We've found that the TWO that work best for us?


We've found with those two, the "rest fall into place".

And if someone can "explain the relationship PARADIGM of an "open relationship", bring it on.

Just MY take on it, but that sound more of a "convenience" than a relationship.

"I LOVE YOU" only goes "so far.

What REALLY floors me, is when I read that guys have been in "an 8 year relationship and a 15 year relationship and WE'RE STILL BEST FRIENDS"........What the fuck? That's denial.

I suspect an explanation of the relationship PARADIGM of an "open relationship" from the list provided falls under item 5 - Sexual Intimacy, in pertinent part "Couples who have their sexual needs met or at least have negotiated a reasonable compromise if their levels of need aren’t compatible, feel taken care of by the other..."

The phrase "negotiated a reasonable compromise" is of course a route to all manner of permutations. It carries with it mutuality of purpose while also allowing any measure of freedoms and possibilities within the constraints of that same mutuality. Another couple's arrangements might not be your cup of tea (but then, according to N.O.M., I suspect your arrangement is not THEIR cup of tea either, LOL).

For some it's about monogamy, for others it's about being monogamish, and for a few others still it's an "open relationship" or "triad" or whatever. In a funny way, as your own post indicates - it's not about the sex. It's about communication and compromise and how, as you put it," the rest falls in place".

Mind you, I'd say of all things, it requires love first and foremost, after which then only then does the rest falls in place. :)

"... If I speak in the tongues of men or of angels, but do not have love, I am only a resounding gong or a clanging cymbal. If I have the gift of prophecy and can fathom all mysteries and all knowledge, and if I have a faith that can move mountains, but do not have love, I am nothing. If I give all I possess to the poor and give over my body to hardship that I may boast, but do not have love, I gain nothing. Love is patient, love is kind. It does not envy, it does not boast, it is not proud. It does not dishonor others, it is not self-seeking, it is not easily angered, it keeps no record of wrongs. Love does not delight in evil but rejoices with the truth. It always protects, always trusts, always hopes, always perseveres. Love never fails..."
1 Corinthians, 13:1-8

This is a good piece.

I found, in my past relationship of 10 years, it started off good and just went down hill.
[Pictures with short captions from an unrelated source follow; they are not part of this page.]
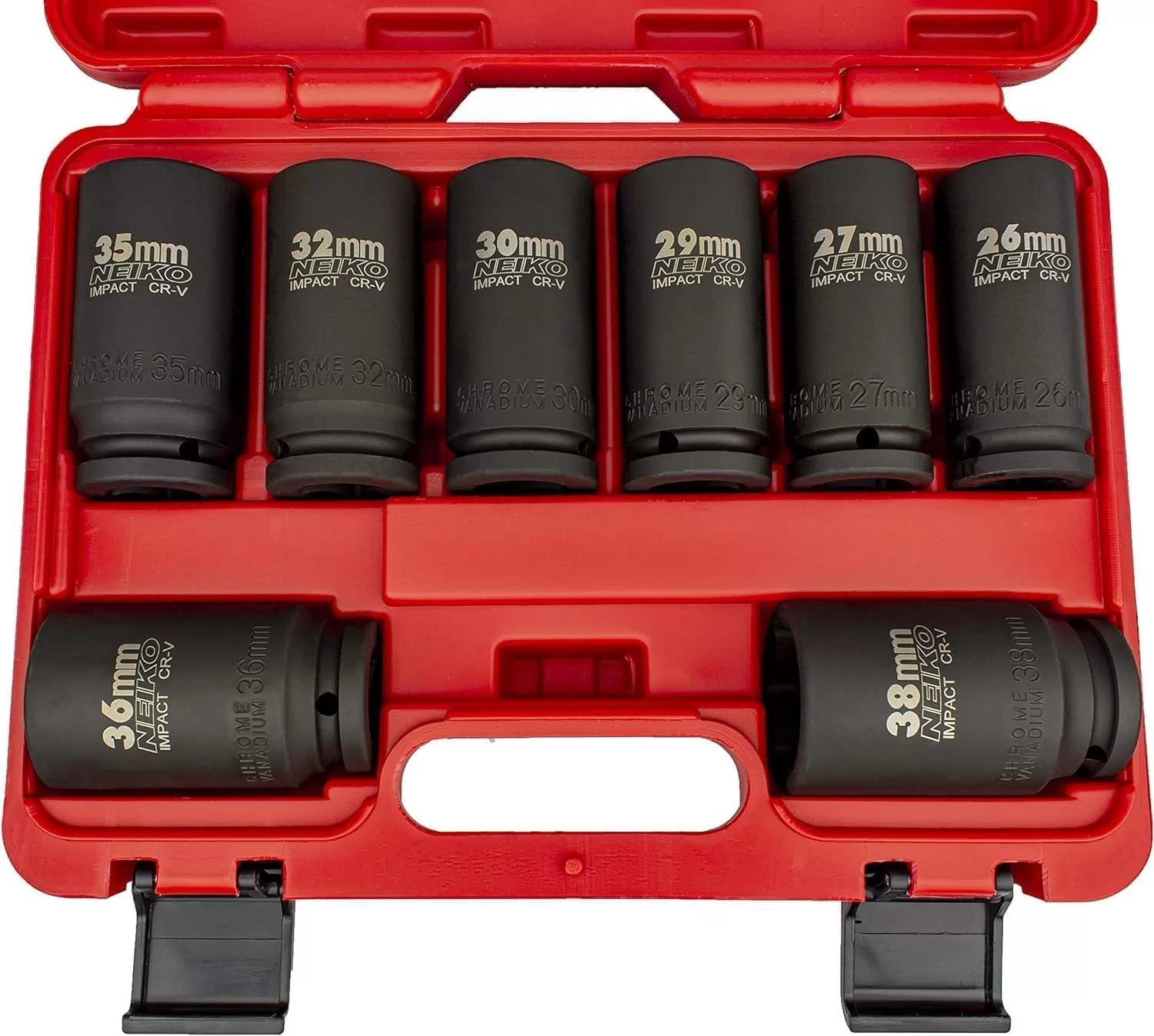imageNEIKO 02461A 34 Inch Drive Impact Socket Set SAE 1 to 112 8 PC DeepJumbo Sockets Chrome Vanadium CrVMetric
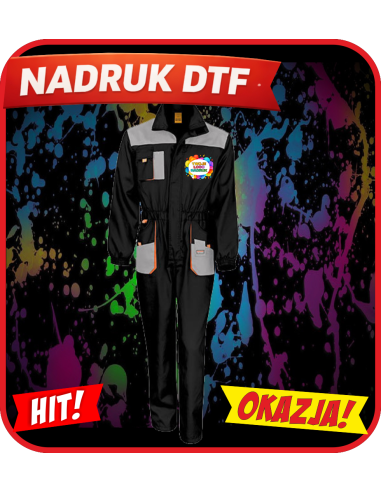 Lekki kombinezon odzież reklamowa DTF logo trwały nadruk pełny kolor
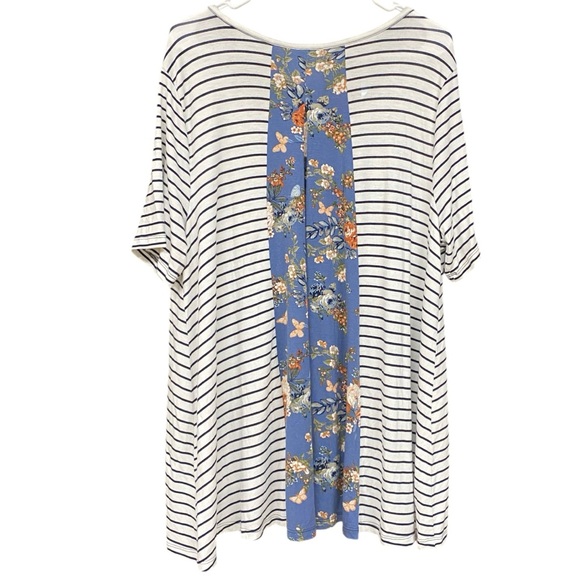Cato Striped Floral Short Sleeve Top XL - Picture 4 of 6
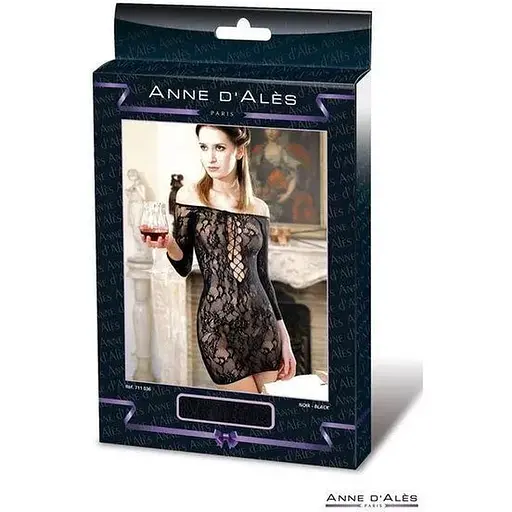 Сукня-сітка з декольте Anne De Ales Fetish Dinner Black, спущене плече, S/M - фото 3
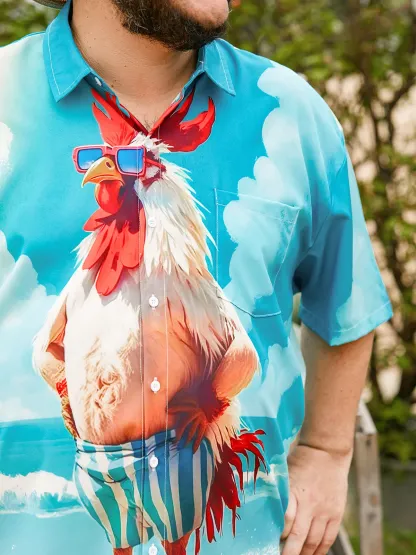 Rhyvra Moisture-wicking Beach Fun Chicken Chest Pocket Hawaiian Shirt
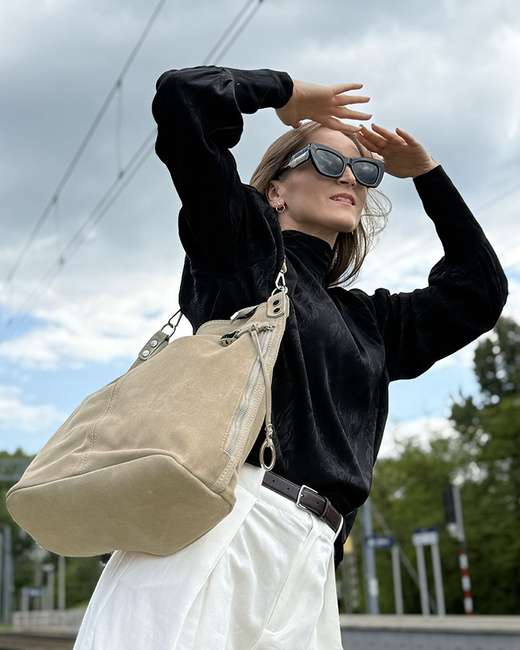 Torebka skórzana ponadczasowy design worek na ramię XL hobo leather bag - MARCO MAZZINI nubuk beżowa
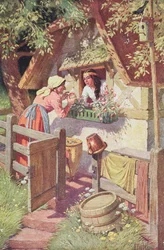 La méchante reine, déguisée en vieille femme, offre la pomme empoisonnée à Blanche-Neige, illustration du conte des Grimm « Blanche-Neige et les sept nains », vers 1900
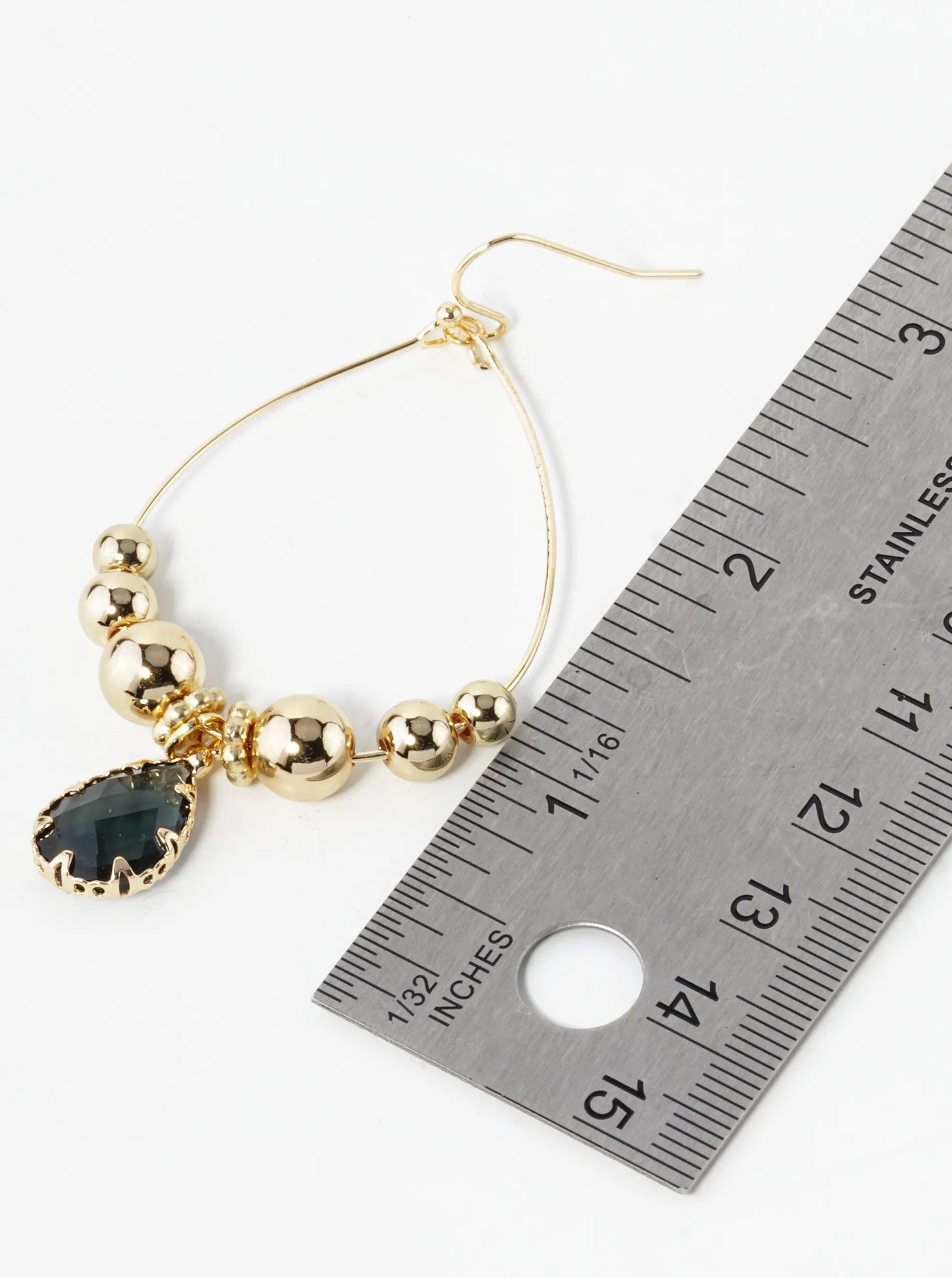 Teardrop Crystal Glass Beaded Wire Drop Dangle Earrings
In the post relationship recap, I found that our friendship lacked substance. It was more of a go-along to get along thing, rather than what it was. WE just stopped liking one another. I found we spent WAAAAAAAAAAY too much time together, and not enough time with our own friends. I also found I stopped taking stands and being strong. I just shut down. Not good for communications. All the other things crept in and made the relationship untenable.

Now, 2 + years later, we're friends, and he's got a great relationship, and I'm friends with that one too now...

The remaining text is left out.